EXERCISE GOAL: In the records below, find the line with "2011 JEEP LIBERTY auction photo 3" and repeat exactly every line from it through the line with "レディマイメロディ　ぬいぐるみ　マイメロ　サンリオ". Pictures stay out.

INPUT MATERIAL:
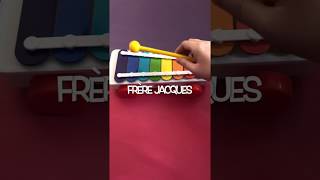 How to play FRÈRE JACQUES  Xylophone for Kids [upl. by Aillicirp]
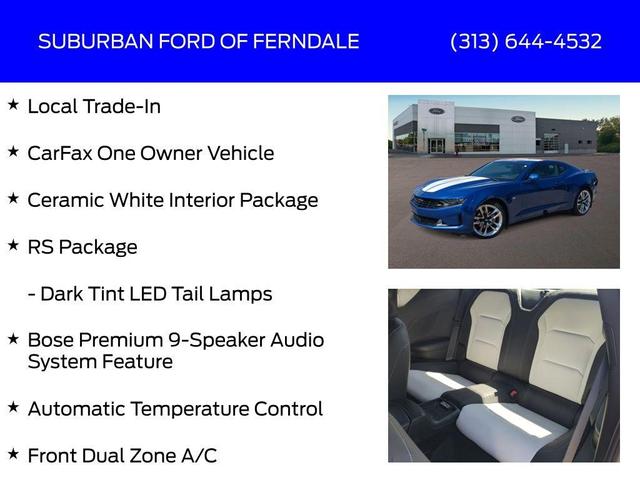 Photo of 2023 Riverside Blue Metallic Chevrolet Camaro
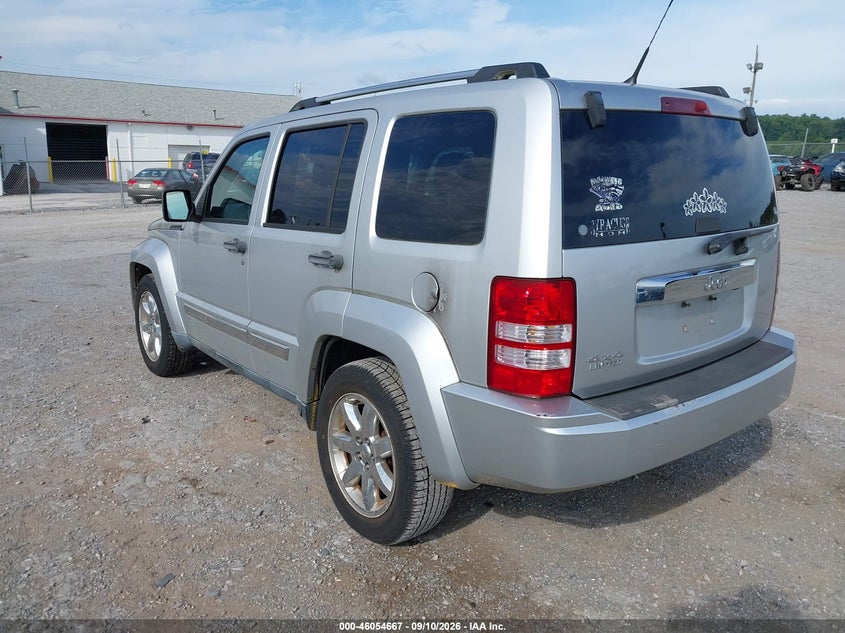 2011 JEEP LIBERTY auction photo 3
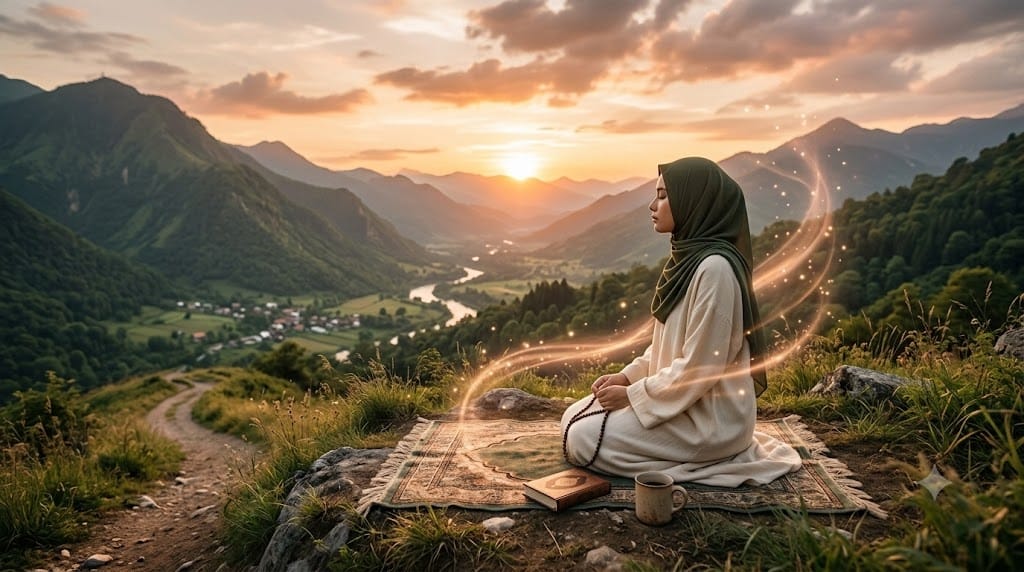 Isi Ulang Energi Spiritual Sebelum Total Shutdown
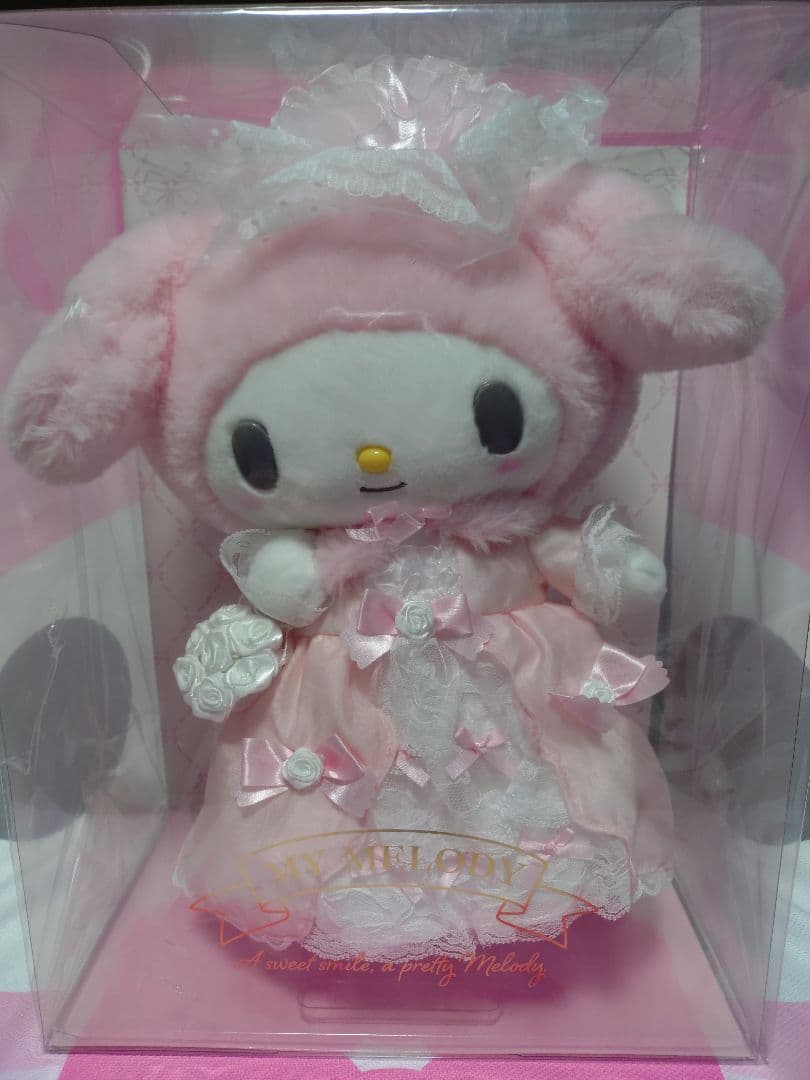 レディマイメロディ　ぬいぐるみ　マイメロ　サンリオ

* * *

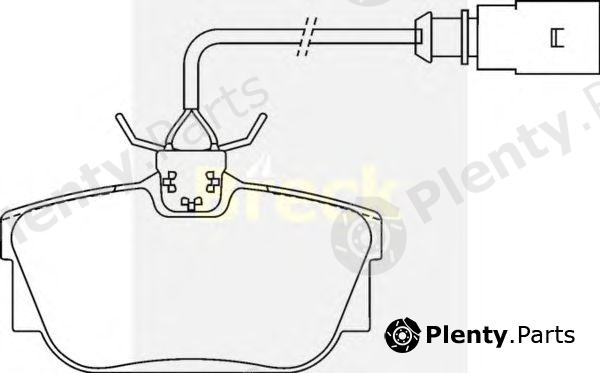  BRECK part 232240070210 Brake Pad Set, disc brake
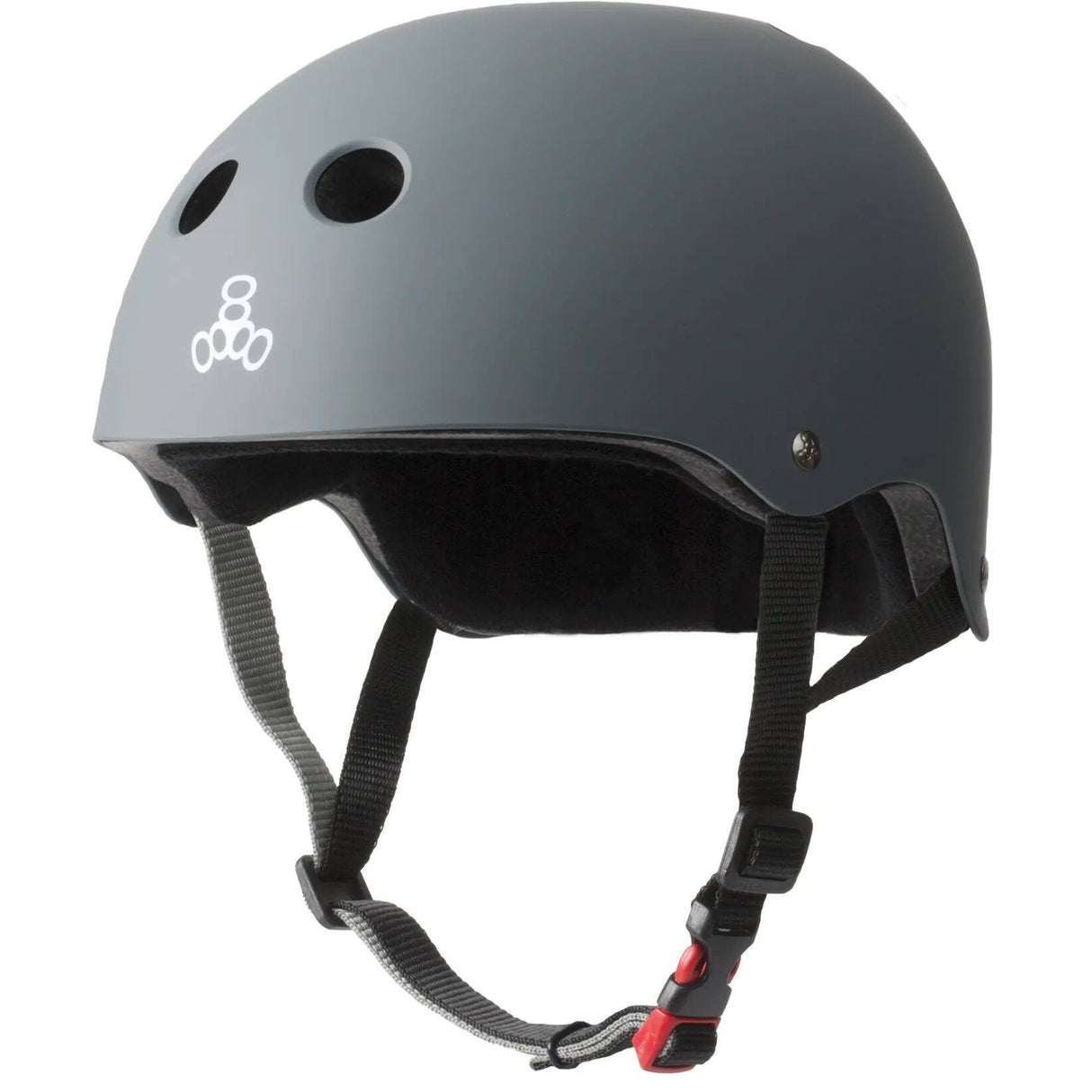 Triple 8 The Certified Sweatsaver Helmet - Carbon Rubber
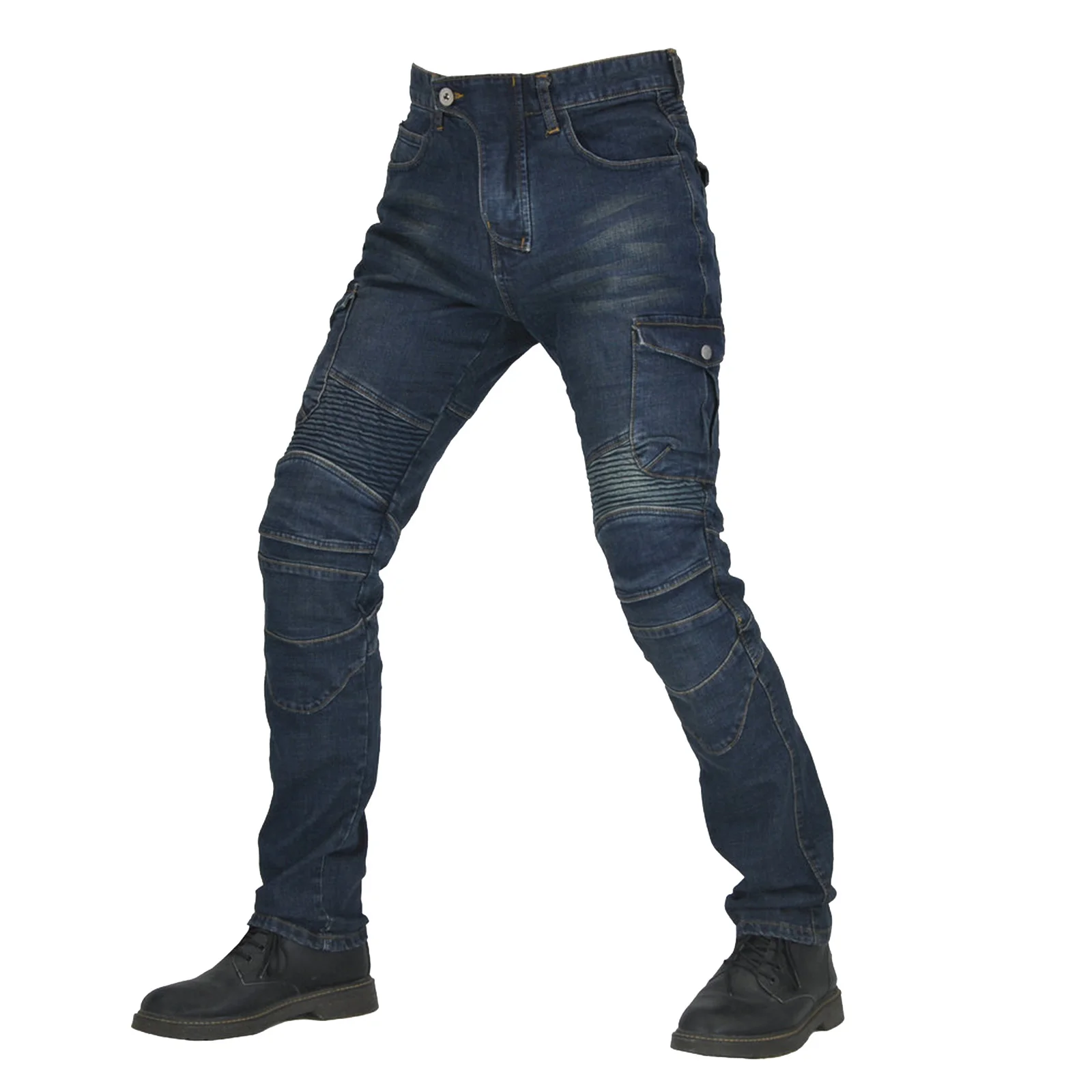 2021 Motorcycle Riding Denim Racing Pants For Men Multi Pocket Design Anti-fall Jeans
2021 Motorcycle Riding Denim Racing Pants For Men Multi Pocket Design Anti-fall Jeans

* * *

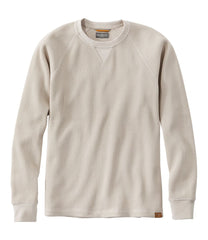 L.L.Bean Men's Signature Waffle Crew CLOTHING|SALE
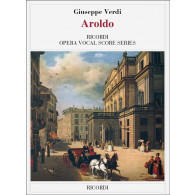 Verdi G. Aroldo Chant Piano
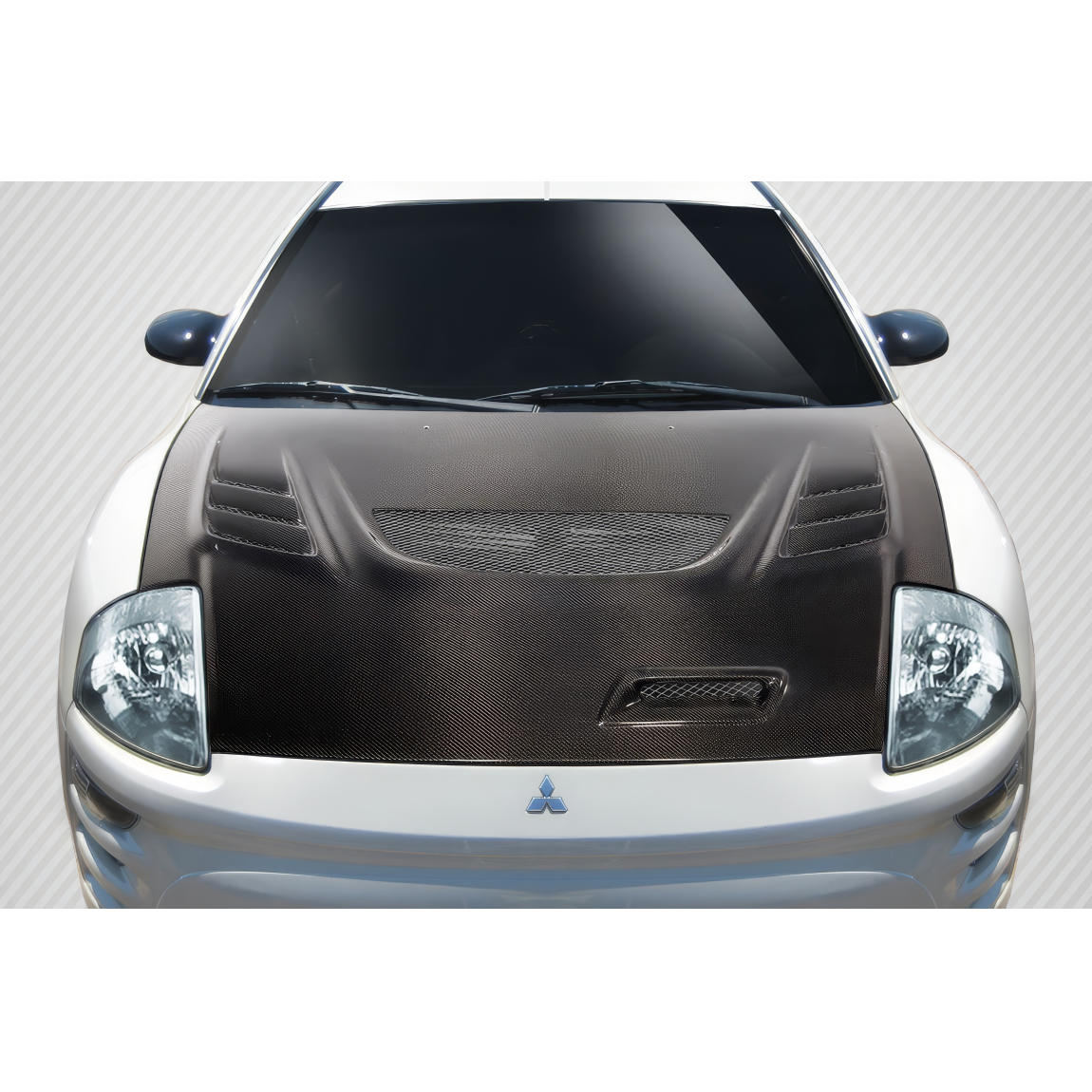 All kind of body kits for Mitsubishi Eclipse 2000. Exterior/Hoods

SOLUTION:
 2011 JEEP LIBERTY auction photo 3
 Isi Ulang Energi Spiritual Sebelum Total Shutdown
 レディマイメロディ　ぬいぐるみ　マイメロ　サンリオ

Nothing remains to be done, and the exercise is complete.